# ID Help Needed Please



## glazzaro9 (Jun 19, 2007)

Here are some more bottles that we have uncovered on our property, starting to think that part of my land was used for a land fill in the 1800s or so. Anyways any help on Identifying these bottles would be greatly appreciated! Thank you

 Greg


----------



## glazzaro9 (Jun 19, 2007)

The too clean look comes from soaking them in water and being very good with photo and photo editing tools.  Wanted to give the best presentation for Identification purposes.  The Green Pony say "Dyottville Glasswork"

 Greg


----------



## bottlenutboy (Jun 19, 2007)

that green pony is the best of the bunch, where is it from? its looking like your digging 1870s-TOC(turn of the century)


----------



## glazzaro9 (Jun 19, 2007)

Info on the short green bottle is:

 Dyottville Glassworks, JM. Kirschenmann, 485 CER Road, Philla

 Info on the Long dark green bottle is:

 Dyottville Glassworks, Philla (this info is posted on the bottom and no other info)

 Greg


----------



## stinger haut (Jun 19, 2007)

Hi Greg,
 Your JM Kirschenmann may date to around 1860 if it has an iron pontil. 
 I have two iron pontiled Kirschenmann's with the same slugplate embossing, applied top, etc and  was told they both dated to around that time period.
 Can you show pictures of the bottom, lip and all the embossing without any photo editing?
 Stinger


----------



## glazzaro9 (Jun 19, 2007)

Ok here is the break down of the bottle you requested.  No photo editing other then cropping and adjusting the levels a bit to make the text visible.  Hope this helps.

 Greg


----------



## glazzaro9 (Jun 19, 2007)

Ok here is the break down of the bottle you requested.  No photo editing other then cropping and adjusting the levels a bit to make the text visible.  Hope this helps. Also if you look at my wife's website http://clazzaro.supernaturephotos.com you can select her bottle collection gallery and see what we have ben digging up.

  Greg


----------



## Flaschenjager (Jun 19, 2007)

Hi *Greg* and *Welcome* - 
 Nice finds... Are you digging for these or are they just hanging out on the surface? Also, what _general area of the world_ are you finding such treasure? 
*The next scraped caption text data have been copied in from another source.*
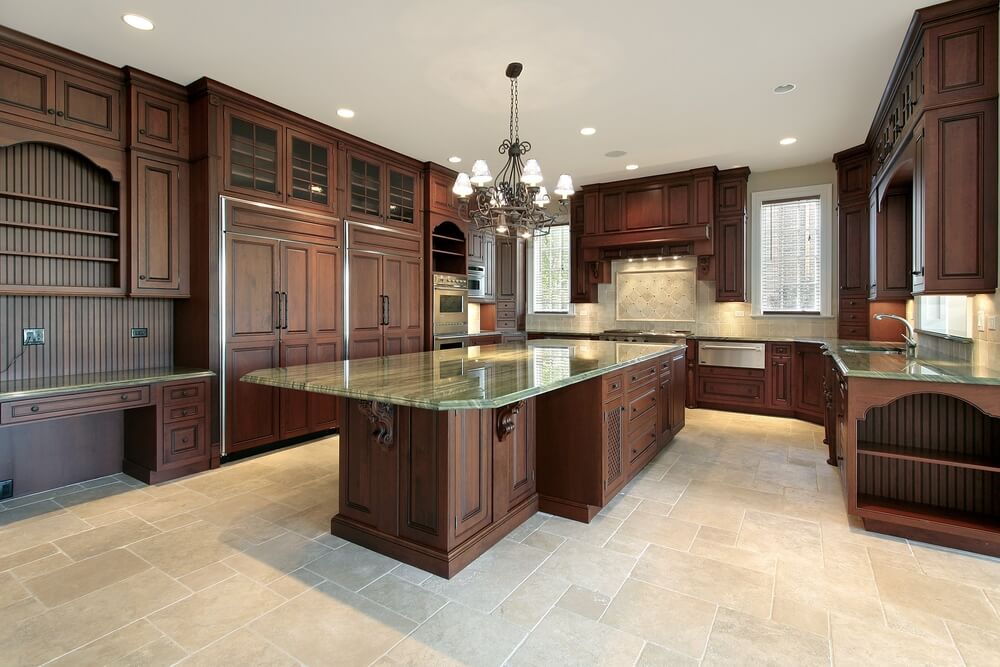 深色丰富的木材色调在这个以瓷砖地板和绿色花岗岩台面为特色的明亮厨房中脱颖而出。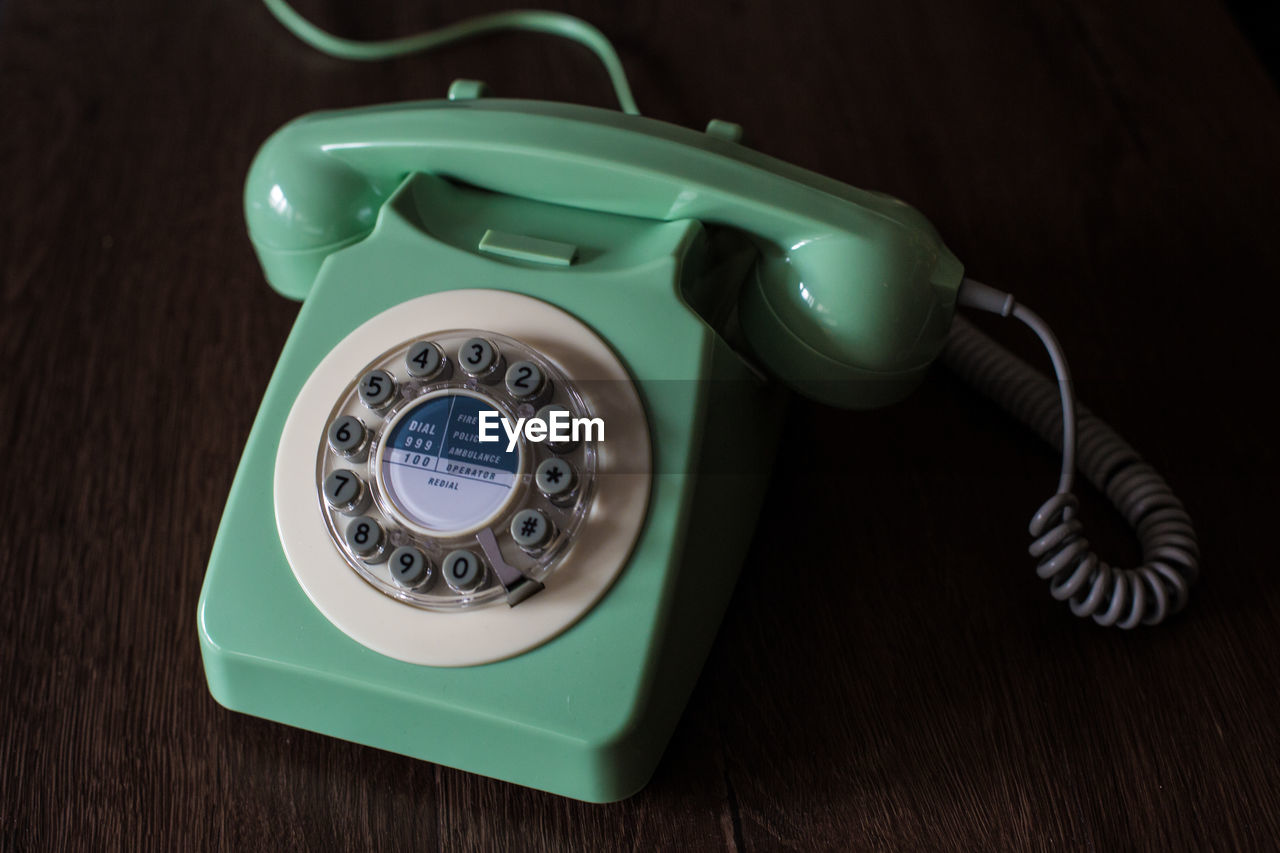 High angle view of rotary phone on wooden table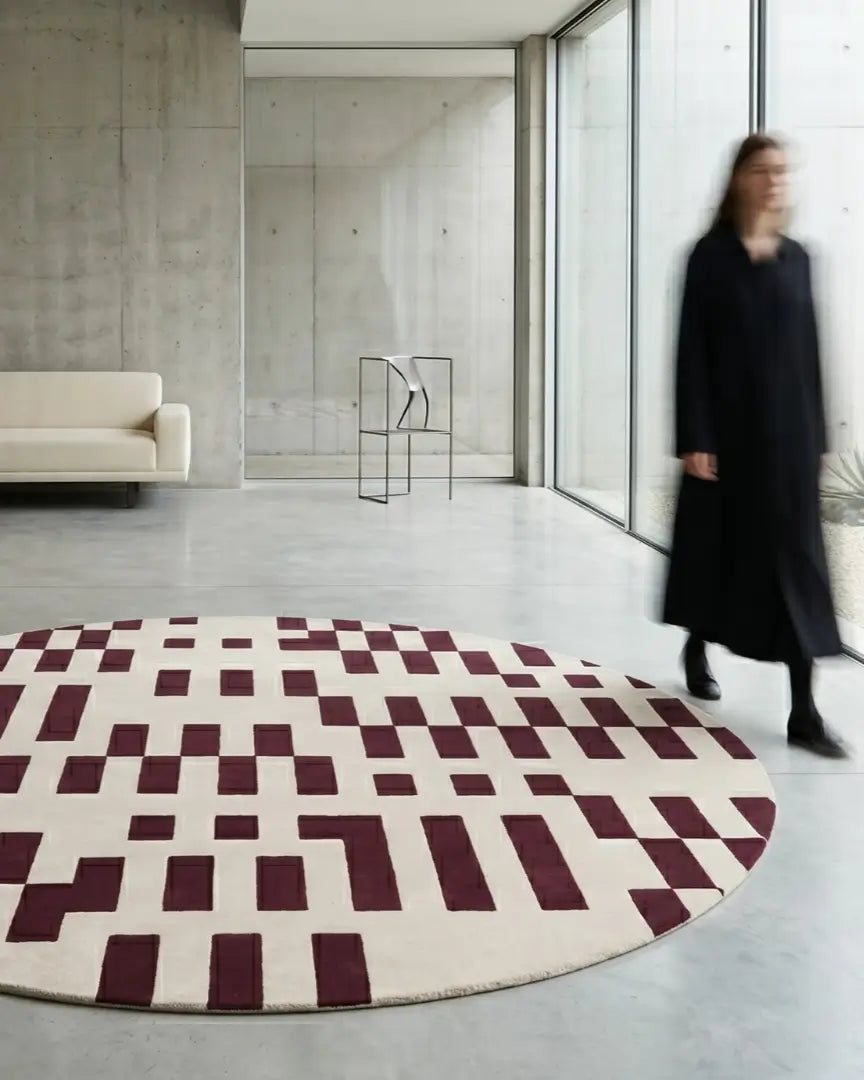 Round rug with a red and beige geometric pattern on floor.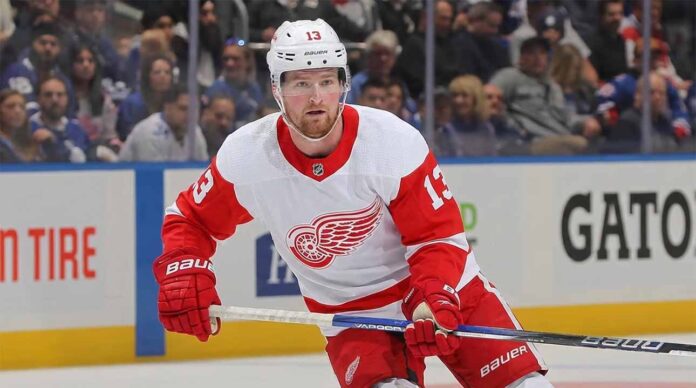 Detroit Red Wings forward Alexis Lafrenière, wearing number 13 in a white away jersey with red trim and the winged wheel logo, skates on the ice holding his stick during a game.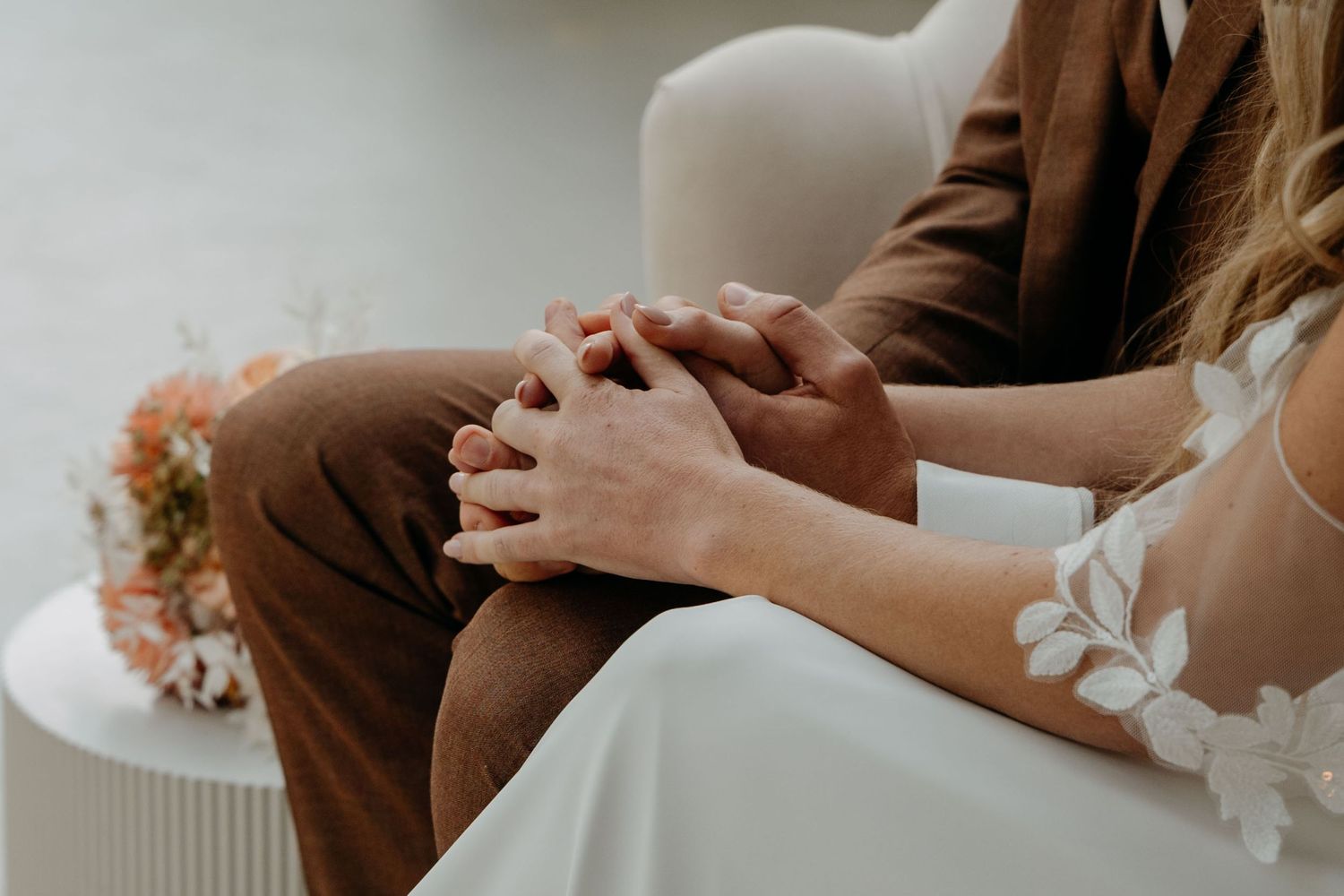 Two hands gently touch during an intimate moment against a soft neutral background.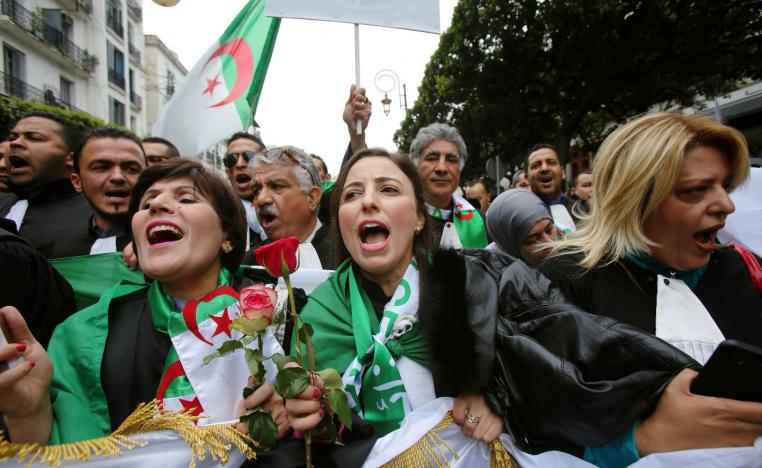 Lawyers carry national flags and flowers as they march during a protest to demand the immediate resignation of President Abdelaziz Bouteflika, in Algiers, Algeria March 23, 2019.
 I'd be spending a lot of time at home. [] Keep 'em coming.


----------



## glazzaro9 (Jun 19, 2007)

Hi

 We are finding these bottles believe it or not just below the surface, say 1/2 inch to 6 inches down.  After a good rain we see more.  Looks like my property may have been a landfill for earlier days.  The bottles are found close to some of the trees that are the oldest on my property, looks like the roots might be pushing them up from underneath. I live in Middletown Delaware, I have a 6 acre lot. We have only looked around the house and out maybe an acre, still have a lot to look at.  Its going to be rough though because the acreage is all woods and it get pretty thick.  The wife and I are spending a lot of time clearing paths and old dead trees.  I am pretty sure will will find a lot more if we get enough energy to dig deeper as we are only surface digging right now.

 Greg


----------



## cowseatmaize (Jun 20, 2007)

Those 3 part Dyott bottles are nice but for some reason people like the oned embossed "PATENT" on the shoulder.
 The pony, well, all I can say is NNIIICCCCEEEE!
 The next 2 look like strap sided flasks, The clear "GUARUNTEED's don't comand much and the amber only slightly more.
 The 4th looks like a "pryof" cap and newer.
 5 a chem or med. I can't lell if it's ABM.
 6 looks like it may have been a beer that the last person poking around may have left but don't quote me on that.


----------